Task instructions
Retype, word for word, the line holding "Más Gente - Ana" and each line after it down to the end of the data; pictures are not copied.

(Supplied entries)

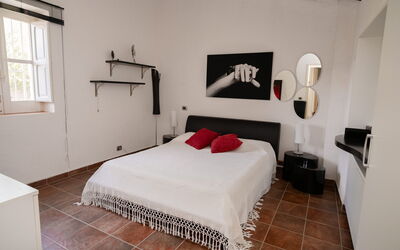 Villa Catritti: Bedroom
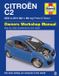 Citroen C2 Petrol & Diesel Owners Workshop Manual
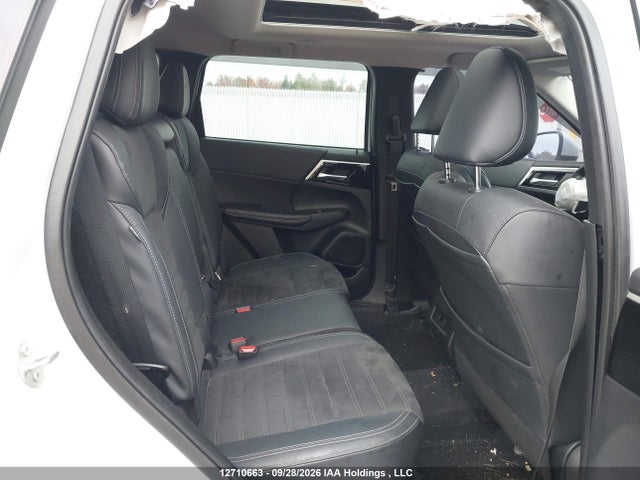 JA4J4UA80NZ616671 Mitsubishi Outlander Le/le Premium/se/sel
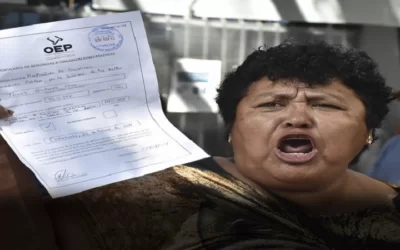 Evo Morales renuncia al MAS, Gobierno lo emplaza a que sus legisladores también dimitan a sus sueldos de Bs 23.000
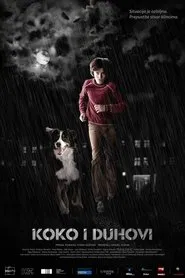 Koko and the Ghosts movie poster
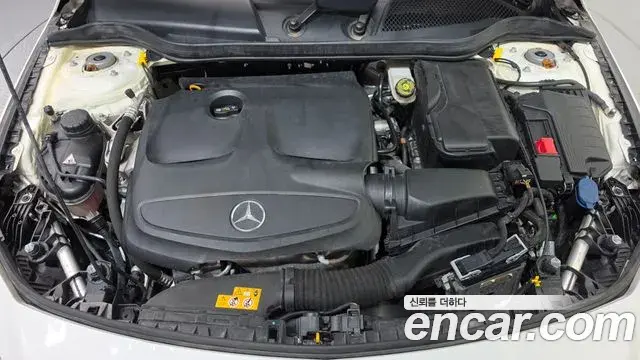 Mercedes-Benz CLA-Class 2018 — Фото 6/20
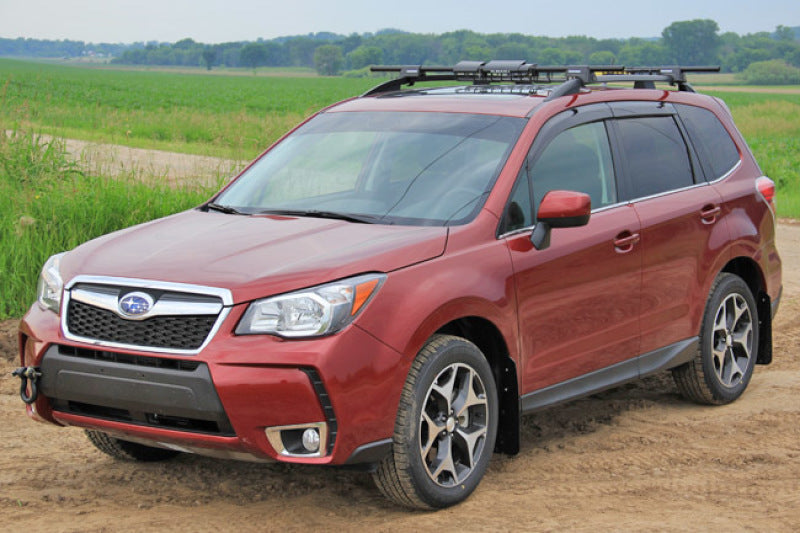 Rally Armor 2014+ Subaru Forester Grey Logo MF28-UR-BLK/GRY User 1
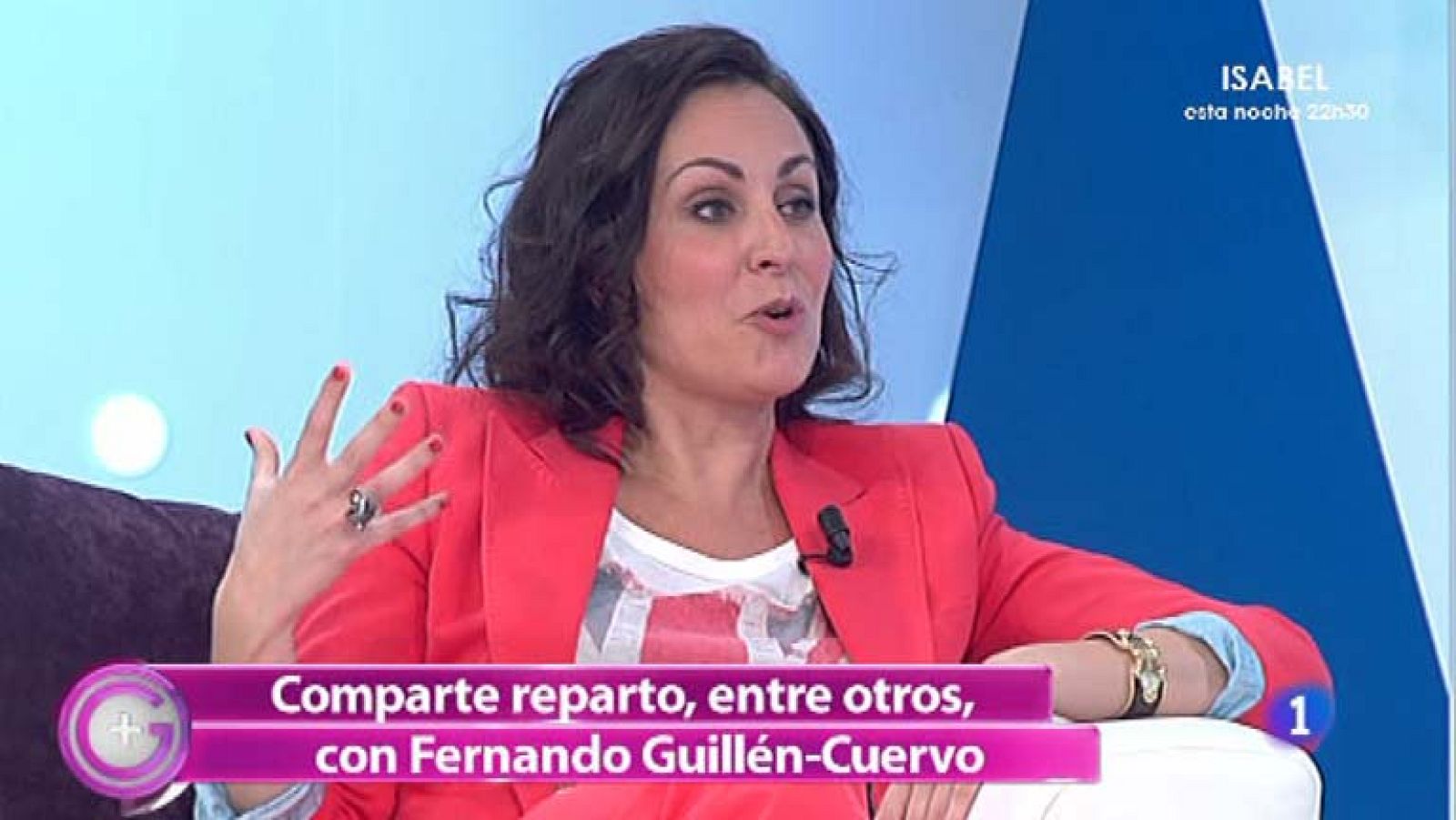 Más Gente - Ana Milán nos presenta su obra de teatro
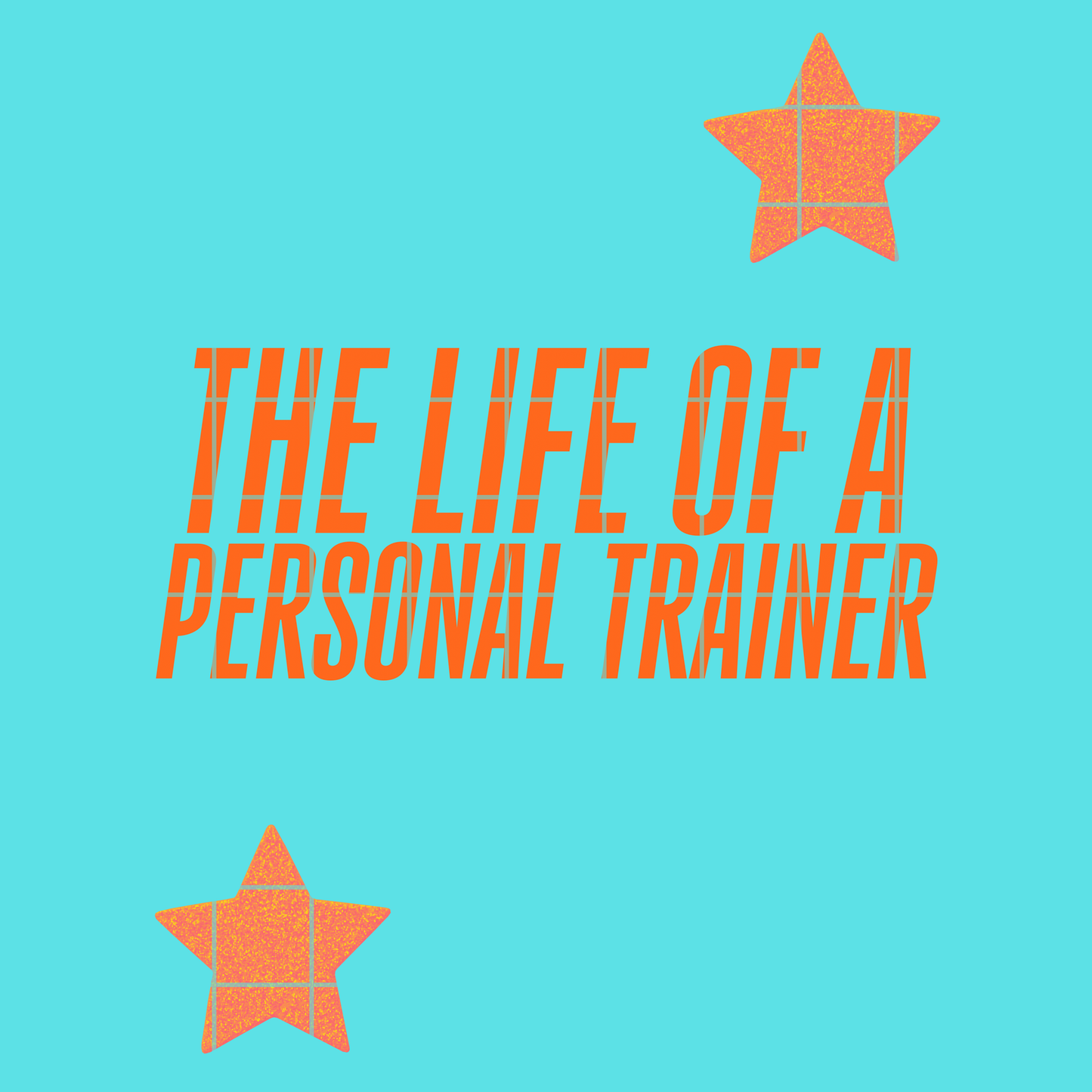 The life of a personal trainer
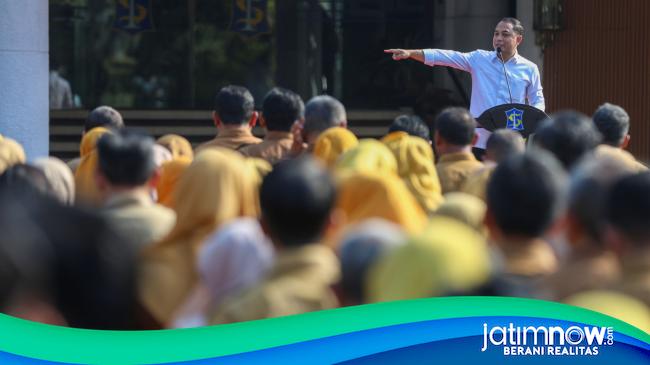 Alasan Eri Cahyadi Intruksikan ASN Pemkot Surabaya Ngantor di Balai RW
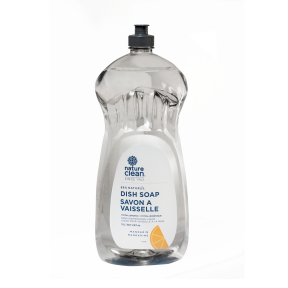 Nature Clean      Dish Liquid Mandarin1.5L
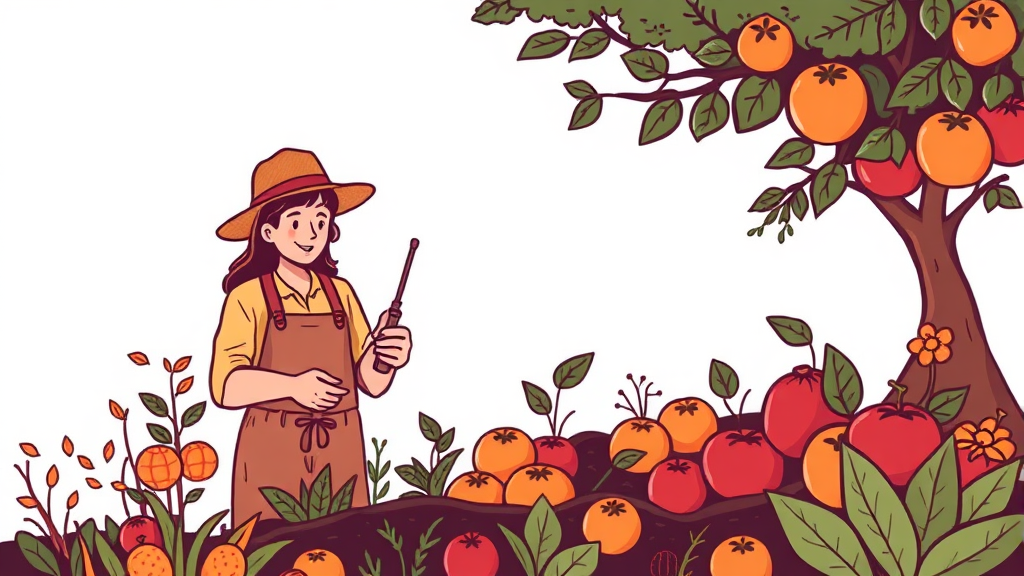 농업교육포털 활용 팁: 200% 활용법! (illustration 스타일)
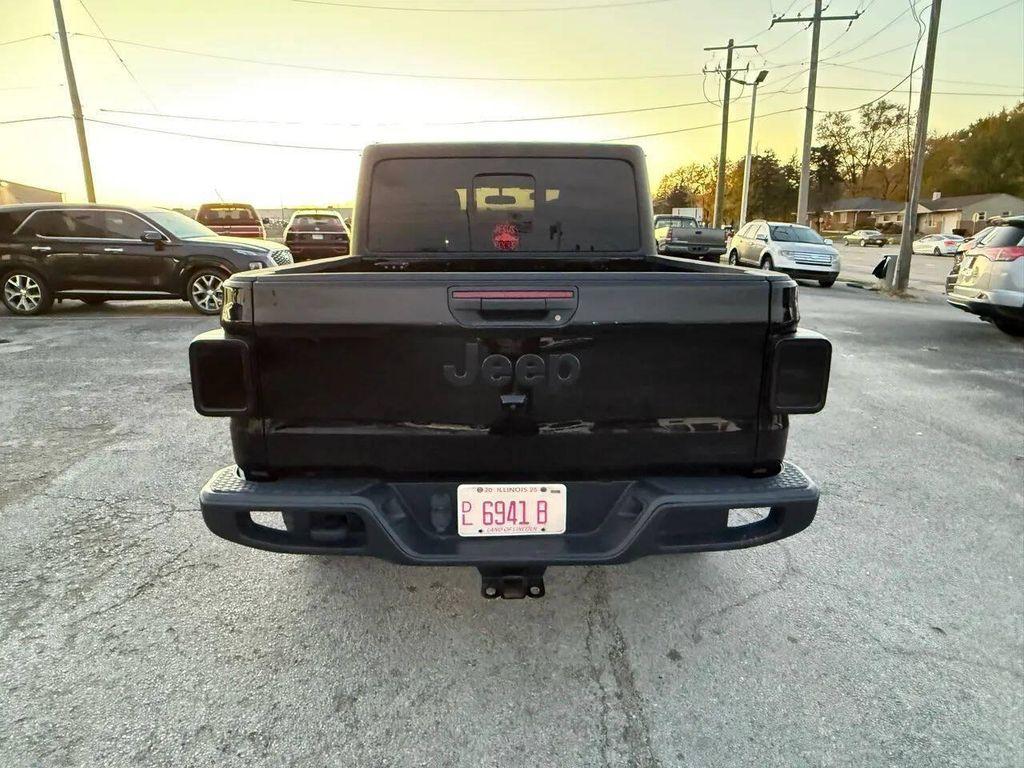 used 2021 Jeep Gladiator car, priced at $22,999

(End Supplied entries)

Answer to the exercise
 Más Gente - Ana Milán nos presenta su obra de teatro
 The life of a personal trainer
 Alasan Eri Cahyadi Intruksikan ASN Pemkot Surabaya Ngantor di Balai RW
 Nature Clean      Dish Liquid Mandarin1.5L
 농업교육포털 활용 팁: 200% 활용법! (illustration 스타일)
 used 2021 Jeep Gladiator car, priced at $22,999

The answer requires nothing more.